Review Date: 2002-08-04
What can I say, that hasn't already been said? Huey P. Newton was a very complex individual, and I find myself reading a section over a second time to digest what was written. It's worth it no doubt. When you start to read this book, you will not be disappointed, Newton sheds light on even personal matters like falling in love, and views on family. This is great if you want specifics on Mr. Newton himself, and not just the BPP as a whole.

A must read
Helpful Votes: 7 out of 7 total.
Review Date: 2001-10-11
If you're going to study the Black Panther Party, you of course must check out a story of its preminent leader.

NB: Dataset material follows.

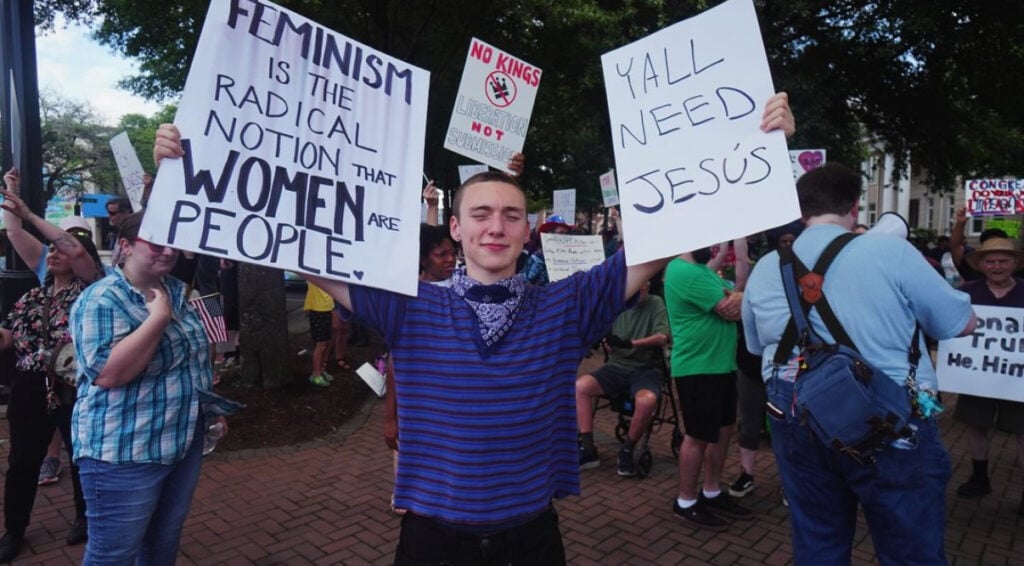 A young man holds protest signs at a gathering on the square in Shelby, NC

I thoroughly enjoyed this book. He gave me an understanding what it meant to be a radical Black activist during the 60s and 70s. It meant that you had to be courageous, committed, and five steps ahead of the cops, the FBI, and informants.

Of course, now, this is Huey's account of the Party. While his is seriously important, the works of other Panthers and scholars who are now publishing works about the Panthers must also be studied. For now that I'm reading a biography on another Panther leader, Geronimo Pratt, I'm very interested in understanding more about the political split that took place in the BPP. Why did Huey expell Pratt from the Party? Why did Eldridge Cleaver turn out to be so reactionary? I look forward to reading other books on the Panthers to answer these and other questions.